Он изменился в лице. Глаза потемнели, брови сдвинулись, и он глухо произнес:

— Завтра уезжаю отсюда.

— Куда уезжаешь? — не понял я.

— К себе на Богословский.

— А Дункан?

— Она мне больше не нужна. Теперь меня в Европе и Америке знают лучше, чем ее.

И действительно, через несколько дней он оставил Дункан и переехал к себе, в свою более чем скромную комнату в доме N 3 по Богословскому переулку.

Я его не расспрашивал о заграничных его впечатлениях, но однажды он сам заговорил:

— Мы сидели в берлинском ресторане. Прислуживали мужчины. Почти все они были русские, с явно офицерской выправкой. Один из них подошел к нам.

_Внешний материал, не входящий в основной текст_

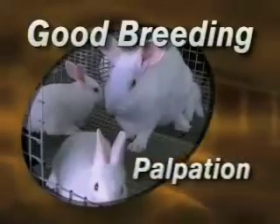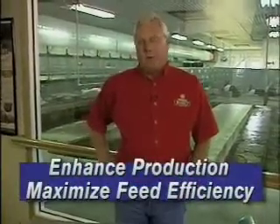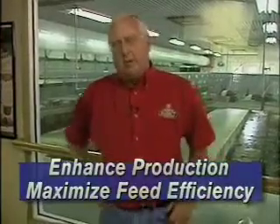First, I'd like to share with you the importance of palpation. If you're a meat producer, you want to optimize your rabbitry performance by palpating. We're able to palpate our rabbits with 100% accuracy 10 days after they've been bred. This will enhance the production of your rabbitry, as well as maximize your feed efficiency within your rabbitry.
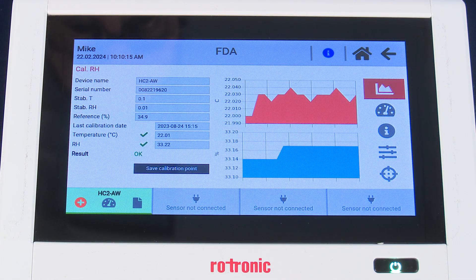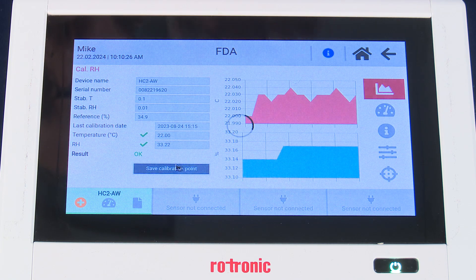Once the measurement has completed, you will see next to the result an OK, RH will have a check mark, and temperature will have a check mark. What we now want to do is save the calibration point.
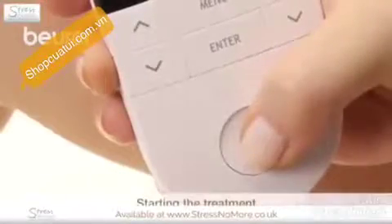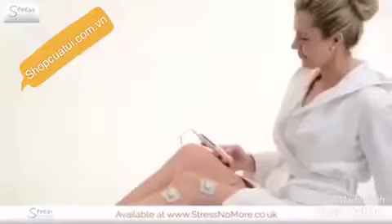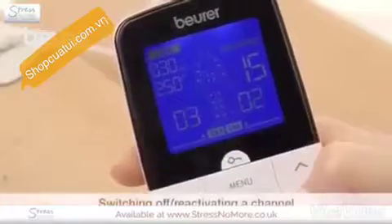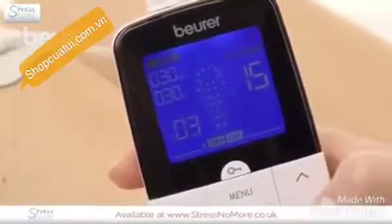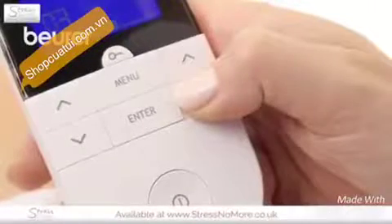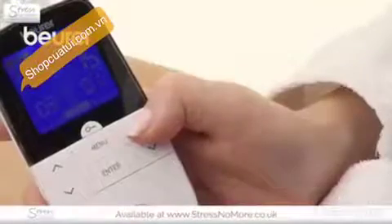Start the treatment with the ON-OFF button. You can also interrupt the treatment with ON-OFF. Press the down-arrow button to the lowest level to switch off a channel, then press and hold the button. Press and hold the up-arrow button to reactivate.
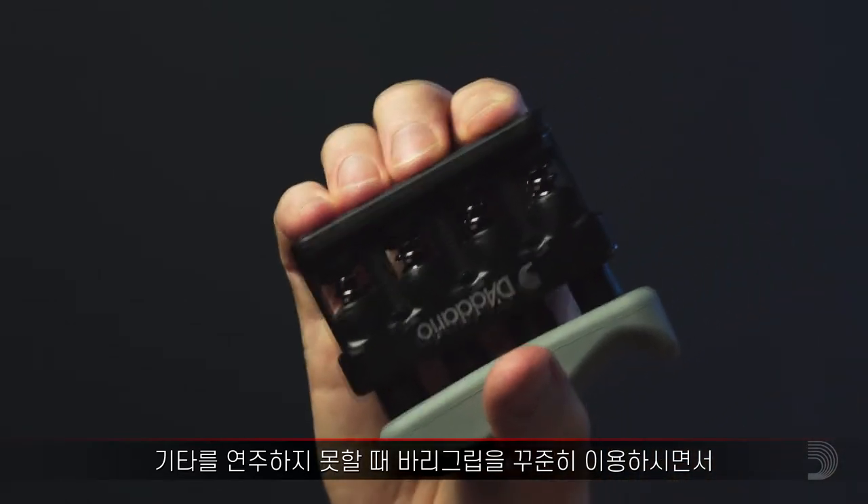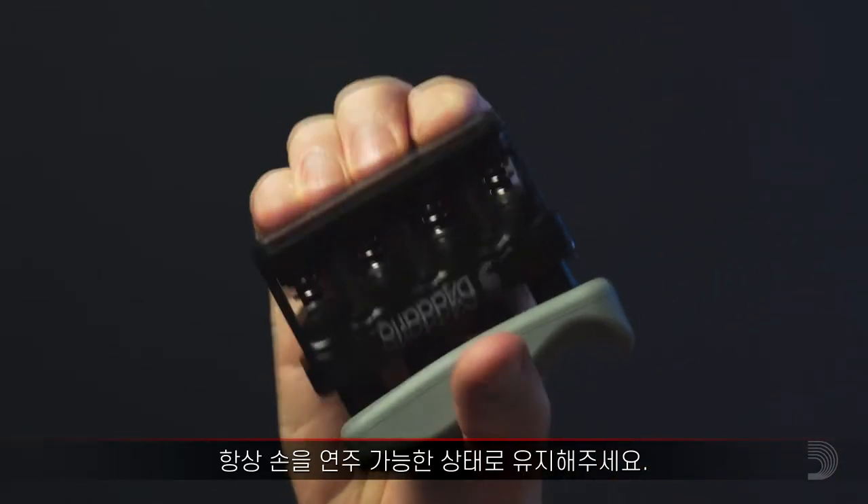Using the Vera Grip regularly will help keep your hands in playing form, even when you're away from your guitar.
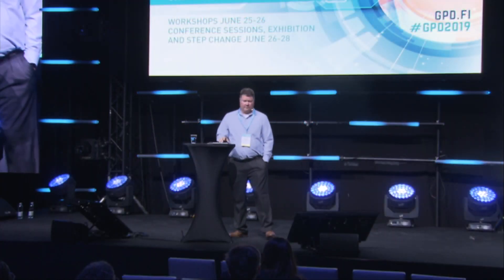Good afternoon and welcome to the last session here at GPD on day one. My presentation today is going to be on the use of TSSA in a novel method to potentially cold bend glass.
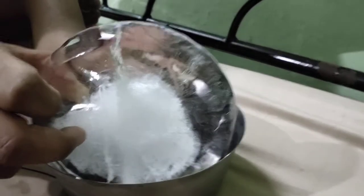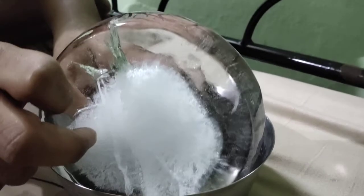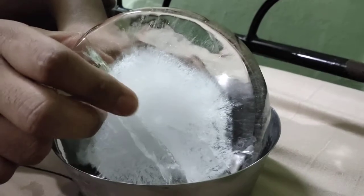The ice is pretty transparent. To make transparent ice, we use distilled water, but within distilled water there are some dissolved air, so to remove the dissolved air, we first boil the water.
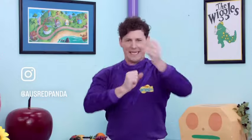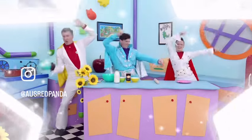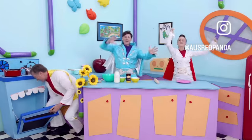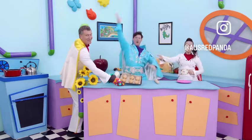Crunchy Munchy Honey Cakes, Crunchy Munchy Honey Cakes! It's the crunchy, yum, yummy, and oh so munchy, yum, yummy, the honey cake, yum, yummy!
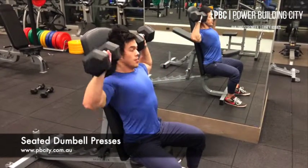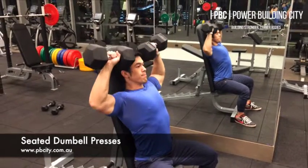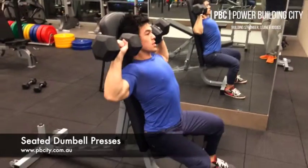Dumbbell presses. Now guys, remember to get a nice basic support here. You're going to be driving through your heels — see how my chest is up nice and high — and arch through that mid and lower back.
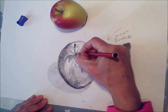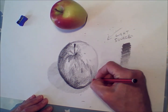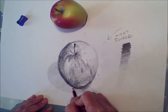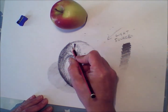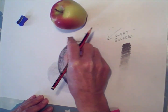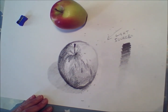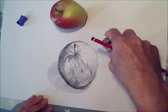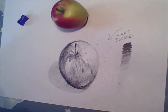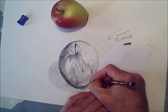I noticed while I was drawing that I was smudging it a little bit with my hand as I went over the tonal scale on the right. Another thing you can do is tear a little bit of paper and put it under your hand if you find yourself smudging across your picture. Just put a little bit of paper underneath to stop the smudging. Perhaps put your tonal scale a bit further away — just put a bit of paper under your hand.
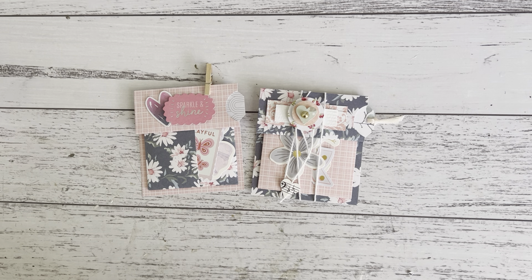Hi everyone, it's Sandy. Thank you for joining me. I have a really easy six by six project and all you need is two six by six papers to create this really simple easy fold mini ephemera holder with a tag and a pocket for your tag.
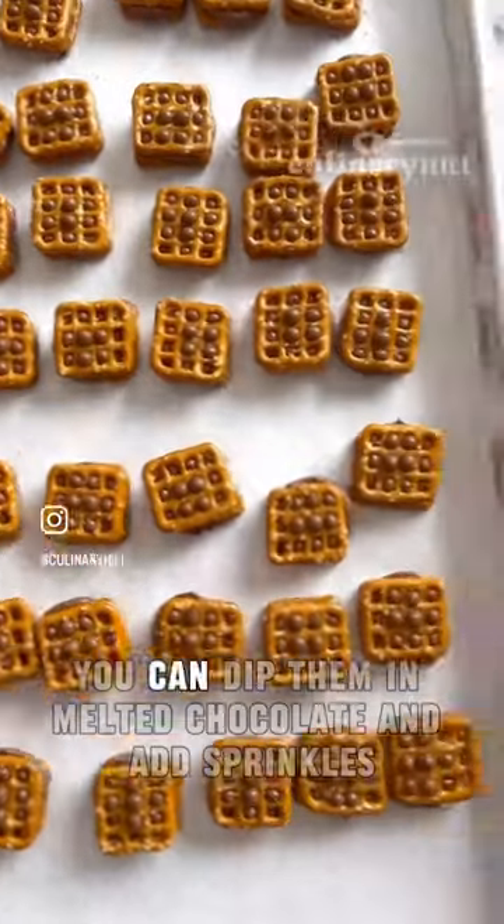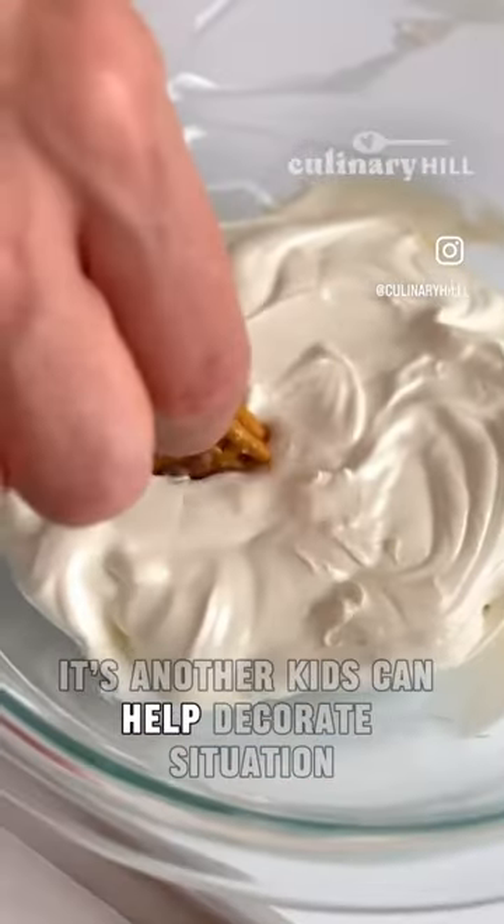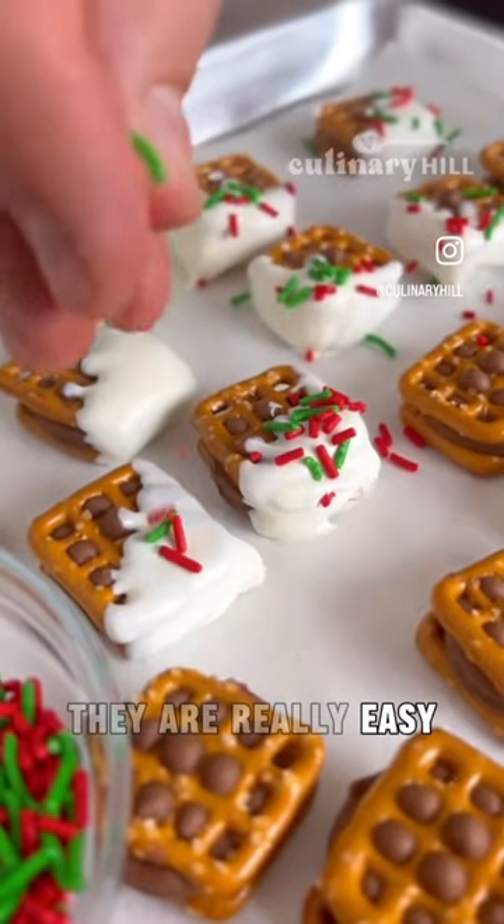Then after you've chilled those, you can dip them in melted chocolate and add sprinkles. It's another kids-can-help decorate situation. They're really easy — try it.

— Вы Есенин? — обратился он ко мне. — Мне сказали, что это вы. Как я рад вас видеть! Как мне хочется по душе поговорить с вами! Вы ведь бежали из этого большевистского пекла, не выдержали? А мы, русские дворяне, бывшие русские офицеры, служим здесь лакеями. Вот наша жизнь, вот до чего довели нас большевики.

-4

Я нежно поглядел на него и ответил:

— Ах, какая грусть! Плакать надо… Но знаете что, дворянин! Подайте мне, мужику, ростбиф по-английски, да смотрите, чтоб кровь сочилась!

Офицер позеленел от злости, отошел и угрожающе посмотрел в нашу сторону. Я видел, как он шептался с двумя рослыми официантами. Я понял, что он собирается взять меня в работу. Я взял Дункан под руку и медленно прошел мимо них к выходу. Он не успел или не посмел меня тронуть.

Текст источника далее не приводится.